Transcribe the entries below word for word, beginning at the line with "Mother Size 26" and stopping after the line with "[11136] Bow Denim Dungarees"; drop all pictures.

§ Information
#####

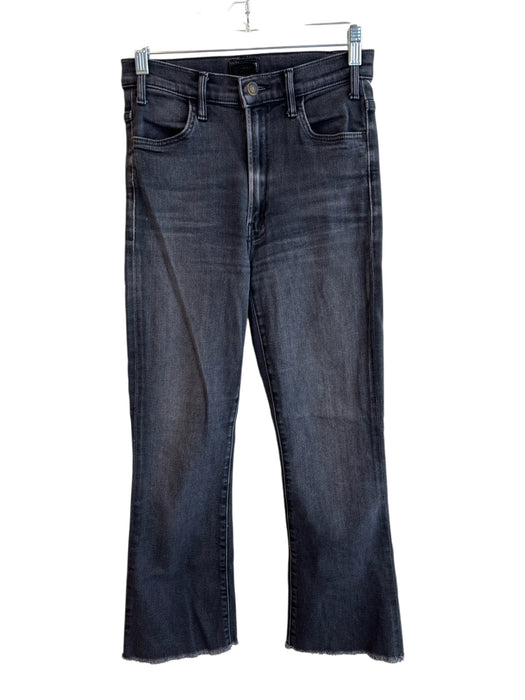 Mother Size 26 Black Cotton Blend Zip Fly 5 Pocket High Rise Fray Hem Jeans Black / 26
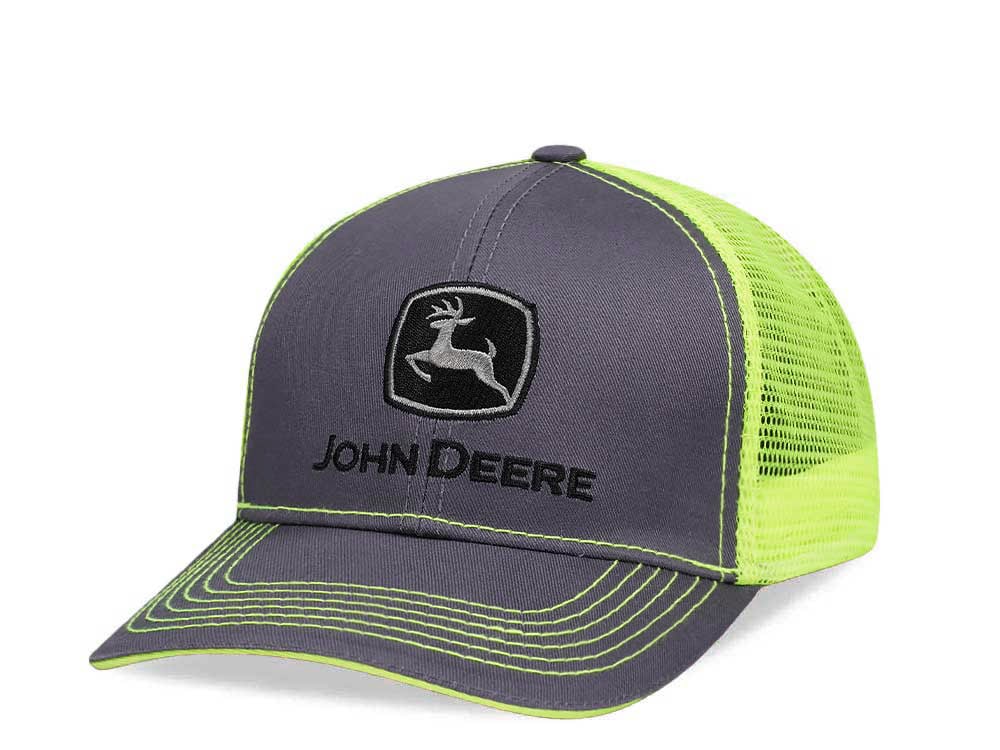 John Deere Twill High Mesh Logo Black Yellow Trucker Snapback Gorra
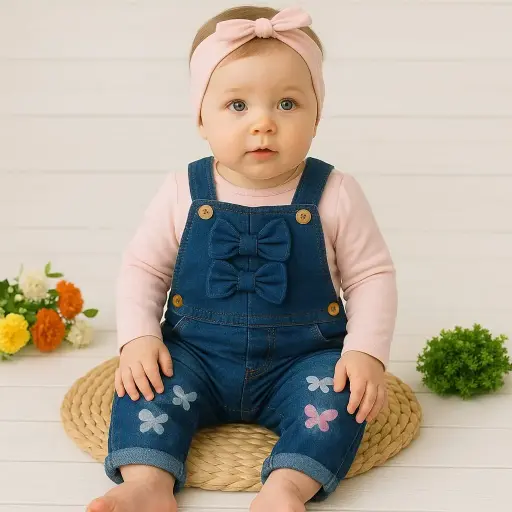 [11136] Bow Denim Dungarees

#####

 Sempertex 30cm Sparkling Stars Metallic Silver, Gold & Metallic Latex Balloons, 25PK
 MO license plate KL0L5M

#####

§ Response
 Mother Size 26 Black Cotton Blend Zip Fly 5 Pocket High Rise Fray Hem Jeans Black / 26
 John Deere Twill High Mesh Logo Black Yellow Trucker Snapback Gorra
 [11136] Bow Denim Dungarees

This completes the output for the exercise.